┌────────
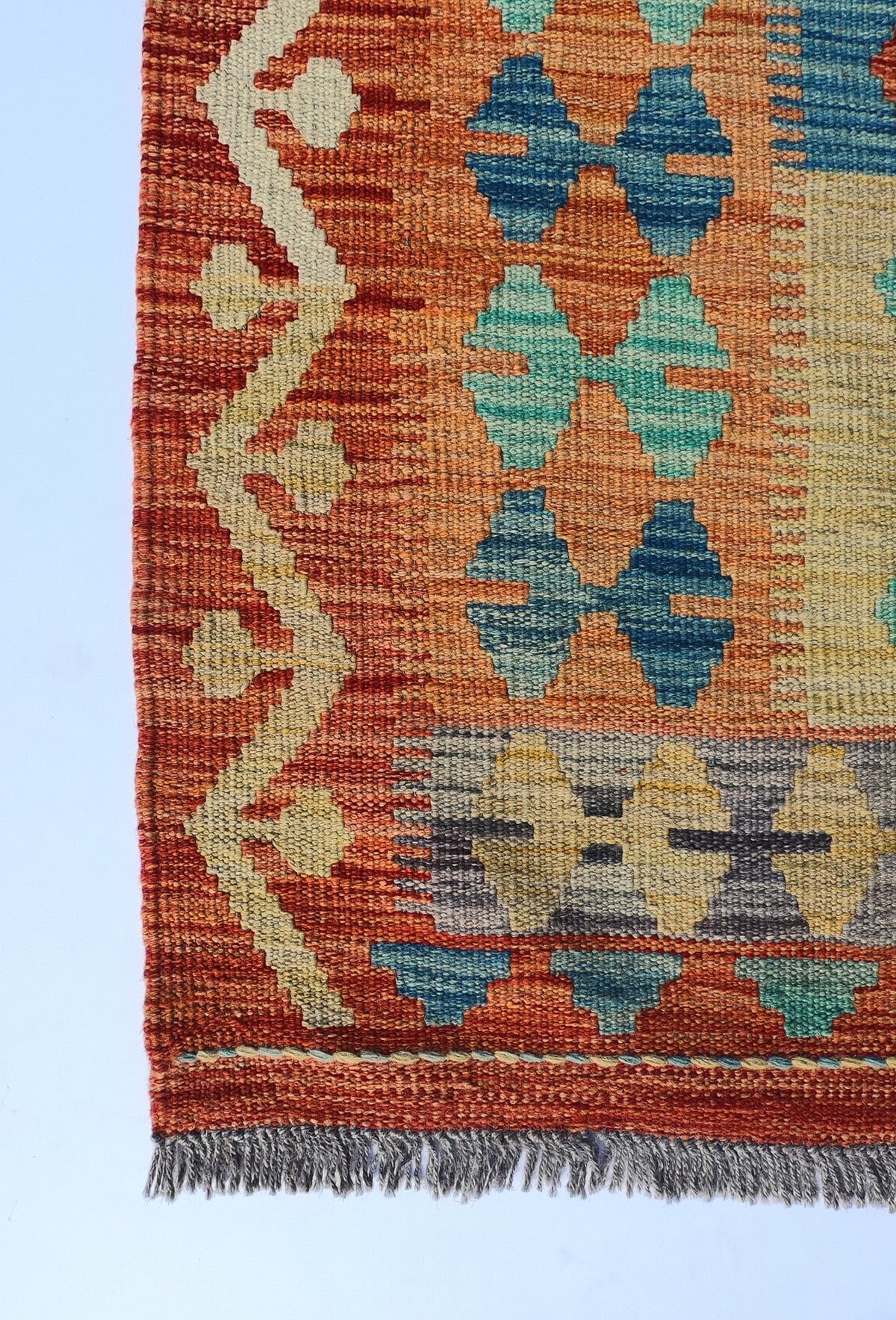 Alfombra Lana, Kelim Kashkuli 2.50 x 1.70 mts. 0090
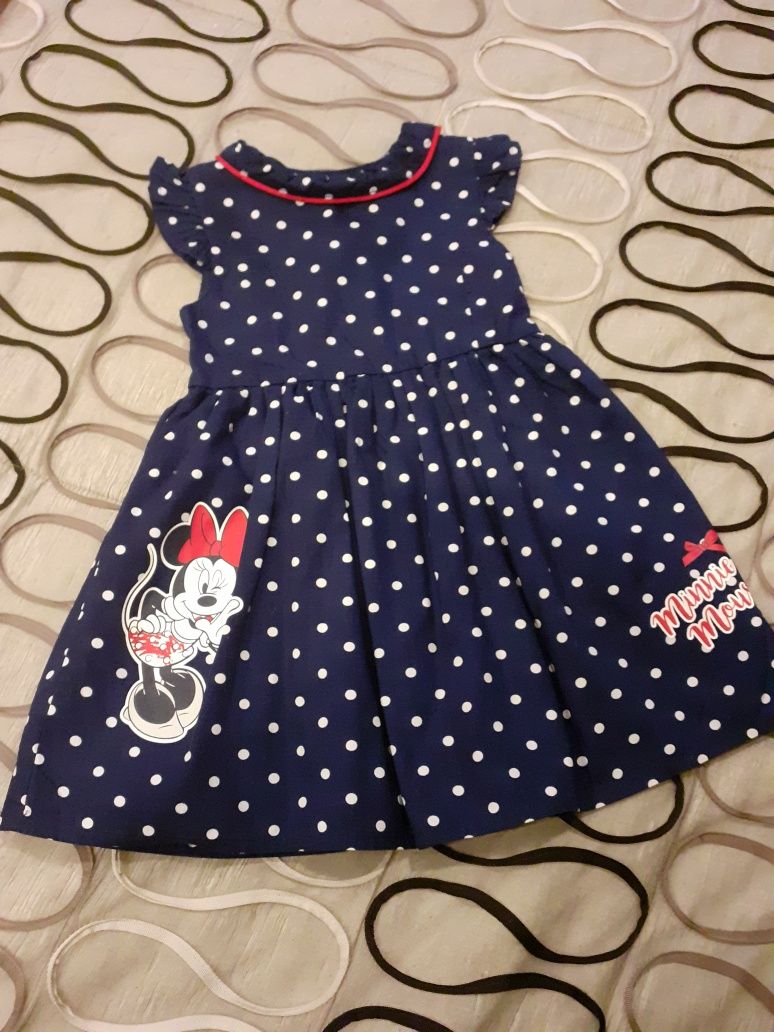 Vestido Azulmarinho da Minnie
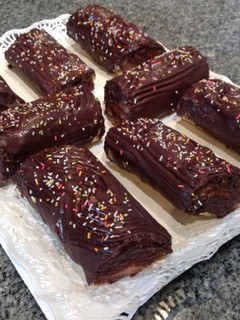 Una foto de Pastelitos de chocolate (Búlgaros)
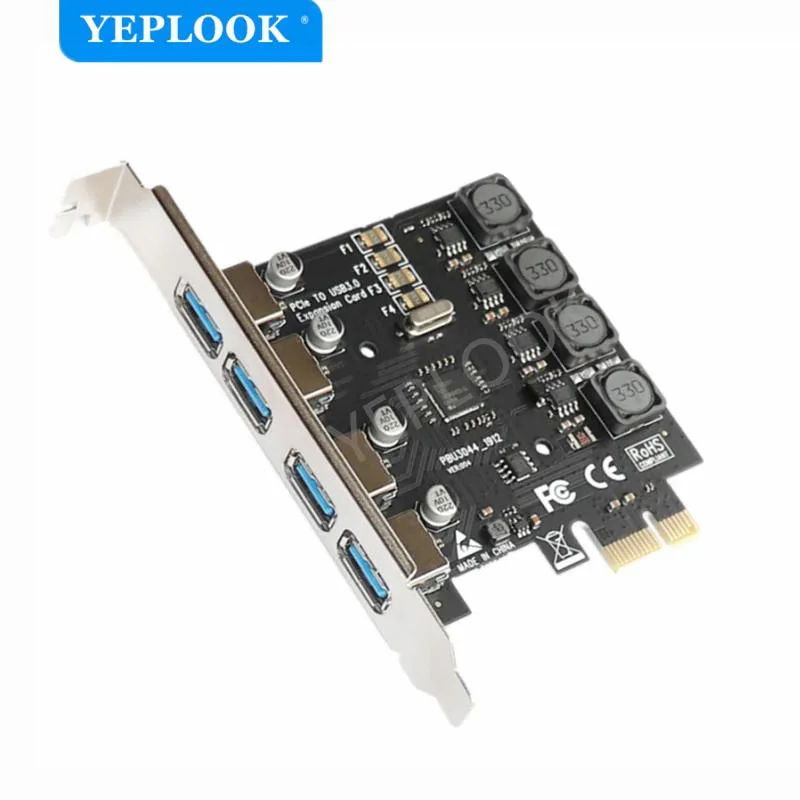 YEPLOOK YEPLOOK 4 Ports USB3.0 PCIe Expansion Card NEC D720201 — product photo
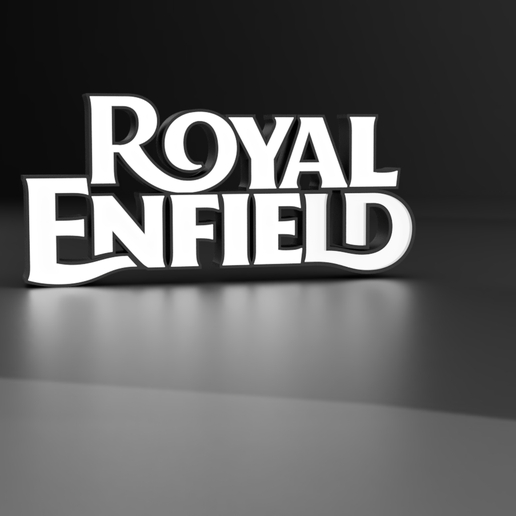 ROYAL ENFIELD LOGO LED 3D model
└────────
**Instructions for the task**
Repeat the records above exactly, without any pictures.

**Answer to this problem**
 Alfombra Lana, Kelim Kashkuli 2.50 x 1.70 mts. 0090
 Vestido Azulmarinho da Minnie
 Una foto de Pastelitos de chocolate (Búlgaros)
 YEPLOOK YEPLOOK 4 Ports USB3.0 PCIe Expansion Card NEC D720201 — product photo
 ROYAL ENFIELD LOGO LED 3D model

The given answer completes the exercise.